In the Welsh folk-horror “Rabbit Trap,” debuting director Bryn Chainey creates an disquieting acoustic atmosphere and guides his trio of actors to powerful performances. However, these flourishes serve a muddled piece that coasts on its interpretability alone. Its dramatic mechanics and aesthetics never quite coalesce into something appropriately visceral, spiritual, or meaningful, despite the story’s frequent symbolism.

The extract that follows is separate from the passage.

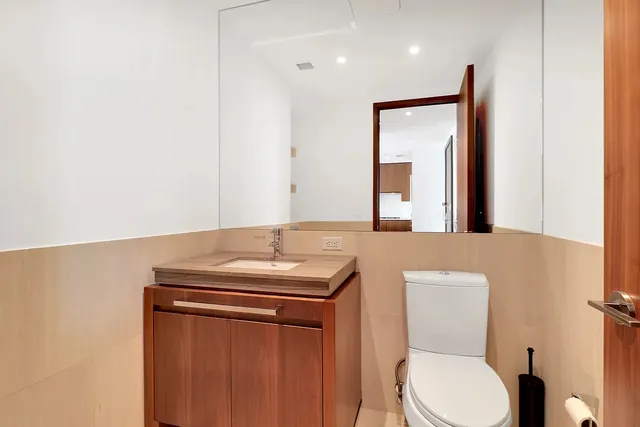 $2,215,000 | 400 5th Avenue, Unit 37C | Midtown South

The film, debuting at Sundance, comes front-loaded with intrigue. Married couple Darcy (Dev Patel) and Daphne (Rosy McEwen) live in relative isolation in the Welsh countryside. The year is 1976, and their home is filled, wall to wall, with analog audio equipment. Daphne uses it to create her avant-garde music, born of the noises Darcy records with his boom mic while out on winding strolls. However, when a bizarre signal he can’t explain draws him to a circle of mushrooms in the woods — a “fairy circle” in Welsh folklore — a mysterious, anonymous,and androgynous stranger (Jade Croot) ends up at their doorstep, claiming to have been drawn to Daphne’s music from afar.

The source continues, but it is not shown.